- Exercise:
You are asked to copy the entire listing exactly, apart from its pictures.

- Dataset section:
-- Opening Marker --
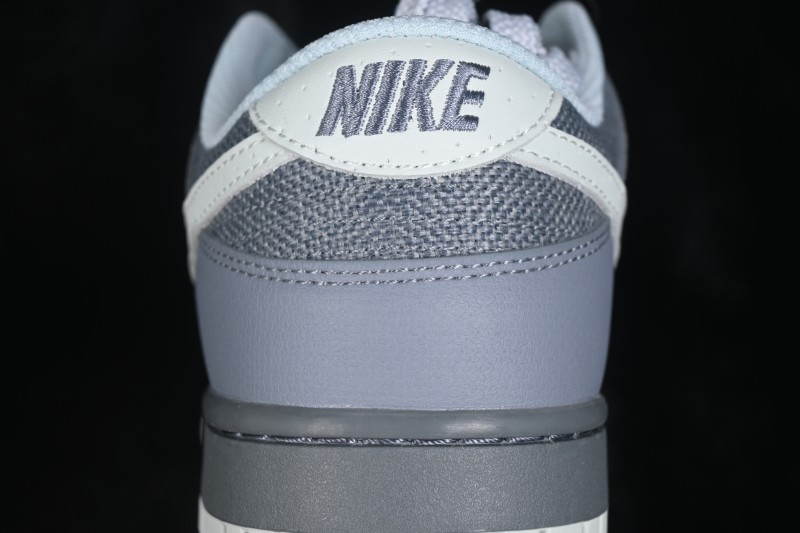 Nike SB Dunk Low Skateboarding Shoes with Cushioned Collar - IH1940-001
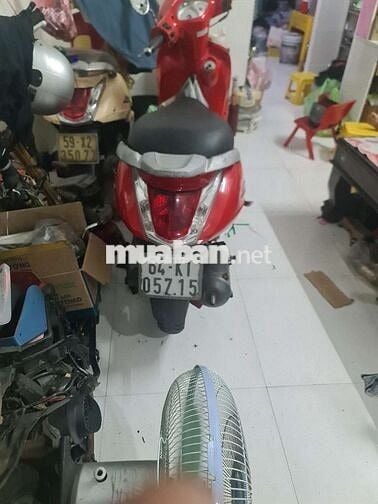 Xe máy SYM AtilA màu đỏ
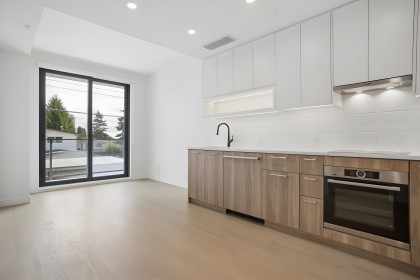 Photo 4 at 202 - 8398 Oak Street, Marpole, Vancouver West
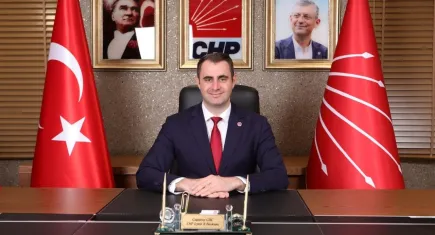 CHP İzmir İl Başkanı Çağatay Güç’ten çarpıcı 25 Kasım mesajı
-- Closing Marker --
- Written response:
 Nike SB Dunk Low Skateboarding Shoes with Cushioned Collar - IH1940-001
 Xe máy SYM AtilA màu đỏ
 Photo 4 at 202 - 8398 Oak Street, Marpole, Vancouver West
 CHP İzmir İl Başkanı Çağatay Güç’ten çarpıcı 25 Kasım mesajı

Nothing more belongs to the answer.